どう書けばいいかにつまるのなら、問題や解法に対する理解が足りていない可能性が高い。 ひとまずeditorを閉じて紙の上に戻ったほうがよいことは多い。 off by oneのあたりは実装しながら考えればよいと思うが、それでもあまり複雑になるようならこれも一度紙の上で整理するべきだろう。

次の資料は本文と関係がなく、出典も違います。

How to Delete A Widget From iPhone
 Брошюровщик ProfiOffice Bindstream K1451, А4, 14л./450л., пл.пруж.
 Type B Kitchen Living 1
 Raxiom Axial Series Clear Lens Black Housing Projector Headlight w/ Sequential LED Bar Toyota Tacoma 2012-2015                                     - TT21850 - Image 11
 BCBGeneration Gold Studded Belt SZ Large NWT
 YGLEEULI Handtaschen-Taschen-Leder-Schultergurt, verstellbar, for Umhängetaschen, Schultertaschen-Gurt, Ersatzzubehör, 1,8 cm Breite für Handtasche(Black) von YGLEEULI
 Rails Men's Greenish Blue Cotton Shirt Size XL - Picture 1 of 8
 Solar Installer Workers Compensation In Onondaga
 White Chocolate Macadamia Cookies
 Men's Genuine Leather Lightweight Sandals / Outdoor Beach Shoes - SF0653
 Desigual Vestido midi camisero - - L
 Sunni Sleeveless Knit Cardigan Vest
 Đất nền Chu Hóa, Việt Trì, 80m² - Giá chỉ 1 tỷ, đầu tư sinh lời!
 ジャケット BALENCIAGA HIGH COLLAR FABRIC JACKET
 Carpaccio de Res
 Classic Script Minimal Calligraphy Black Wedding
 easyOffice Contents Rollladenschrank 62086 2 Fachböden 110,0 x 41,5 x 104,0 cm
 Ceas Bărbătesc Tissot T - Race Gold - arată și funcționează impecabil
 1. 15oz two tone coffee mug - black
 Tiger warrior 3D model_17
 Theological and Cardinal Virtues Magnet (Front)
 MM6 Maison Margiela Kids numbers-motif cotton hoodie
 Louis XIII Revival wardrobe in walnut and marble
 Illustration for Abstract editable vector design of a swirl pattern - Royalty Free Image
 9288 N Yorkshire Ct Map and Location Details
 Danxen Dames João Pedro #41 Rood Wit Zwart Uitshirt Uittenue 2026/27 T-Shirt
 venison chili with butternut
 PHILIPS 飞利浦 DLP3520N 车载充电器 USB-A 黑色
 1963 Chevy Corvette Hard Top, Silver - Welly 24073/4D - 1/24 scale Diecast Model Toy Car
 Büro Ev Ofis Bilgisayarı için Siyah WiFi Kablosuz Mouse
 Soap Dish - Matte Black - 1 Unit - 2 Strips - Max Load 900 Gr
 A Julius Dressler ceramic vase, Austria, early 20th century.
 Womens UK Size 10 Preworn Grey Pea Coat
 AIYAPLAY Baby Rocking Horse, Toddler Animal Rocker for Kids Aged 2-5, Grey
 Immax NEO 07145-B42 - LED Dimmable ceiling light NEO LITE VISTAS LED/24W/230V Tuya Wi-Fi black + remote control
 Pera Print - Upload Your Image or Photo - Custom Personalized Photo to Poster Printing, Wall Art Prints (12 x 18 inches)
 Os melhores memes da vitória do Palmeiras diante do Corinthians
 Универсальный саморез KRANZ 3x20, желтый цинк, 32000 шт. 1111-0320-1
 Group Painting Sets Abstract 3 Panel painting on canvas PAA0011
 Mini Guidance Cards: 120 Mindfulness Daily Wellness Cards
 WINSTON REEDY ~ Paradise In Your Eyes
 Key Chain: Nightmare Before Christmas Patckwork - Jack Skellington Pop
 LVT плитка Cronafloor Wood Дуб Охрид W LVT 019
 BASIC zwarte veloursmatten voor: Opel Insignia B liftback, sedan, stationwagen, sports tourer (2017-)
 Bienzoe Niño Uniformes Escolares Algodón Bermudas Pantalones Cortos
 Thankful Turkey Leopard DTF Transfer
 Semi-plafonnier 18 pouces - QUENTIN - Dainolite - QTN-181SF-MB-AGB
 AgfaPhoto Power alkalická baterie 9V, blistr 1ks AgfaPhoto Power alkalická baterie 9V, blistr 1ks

この辺りに関しては以前似たようなことを書いたので参考にしてほしい: 競技プログラミングでコーディングの際気を付けていること - うさぎ小屋
実装した後
提出する前に、本当に解けているのか確認する。
- サンプルケースは全て試して確認する。
- サンプルケースに漏れがあるなら、追加で試す。
- コーナーケース
- 非自明なケース
- 手で試した出力と合うことを見る
- 最大ケース
- 本当に間に合うのか確認する
このあたりのテストは自動化すべき。以下のようなツールも利用することができる。
- https://github.com/kmyk/online-judge-tools
- https://github.com/nodchip/OnlineJudgeHelper
- https://github.com/shivawu/topcoder-greed
その後に、提出する。
解けてなかった時
提出したがpretestなどで落ちてしまった時。
どう落ちたか確認する
その状況を元に原因にあたりをつける
Wrong Answer
なのかRuntime Error
なのかTime Limit Exceeded
なのか- WAやTLEが多いなら解法が間違っているのかも
- REは実装が間違っていることが多い
- 手元では合っているものが落ちているなら初期化忘れ等の未定義動作が疑われる
- (それが見れるのなら) どのくらいの数のケースが落ちているのか
- 落ちているのが少ないならコーナーケースっぽい
また、コード中にassert (false);
等を仕込んで提出し、Wrong Answer
などがRuntime Error
に変わるか否かで追加の情報を得るテクがある。
撃墜ケースを探す
どのようなケースで落ちているのか考える。 複雑なケースで落ちているのでなければ、以下のいずれかで具体的に撃墜ケースが得られる。
- 問題となりがちなケースをもう一度確認する
- 非自明なケースを手で作ってみる
- ランダムにテストケースを生成させ試す
- 愚直解を書いてそれと突き合わせる
「プロコンでのWrong Answerの原因」ビンゴ // ichyo.jpあたりを眺めるのもよい。
解法/実装の修正
- 根本的な部分で勘違いがあったなどしたとき
- 考え直し
- コンテストであれば別の問題へ移ることも考える
- 修正できる問題の場合
- 修正する
- 実装を後から修正するのはとてもバグを埋めやすいので注意する
まとめ
基本は全探索を丁寧かついい感じにやるだけ。
真に新しいものを生み出せる人間なんてめったに存在しませんし、そこらのコンテストでそのような所業が要求されるはずがないです。 解法とは無から新しく生み出すものではなくて、過去の問題で見た解法を切り貼りして構成するものであるはずです。 「ひらめき6」だとかのような存在しないものを追い求めるのではなくて、積極的にパターン化を目指すべきだと思います。
競技プログラミングの問題の解き方、そのマニュアル
競技プログラミングの問題の解き方、そのマニュアル
- Thu Jan 19 17:12:17 JST 2017
- $6$つ目の注釈に関して、後から見直して言葉が強すぎるなあと思ったので少しマイルドにしました (元の文章はコメントアウトした)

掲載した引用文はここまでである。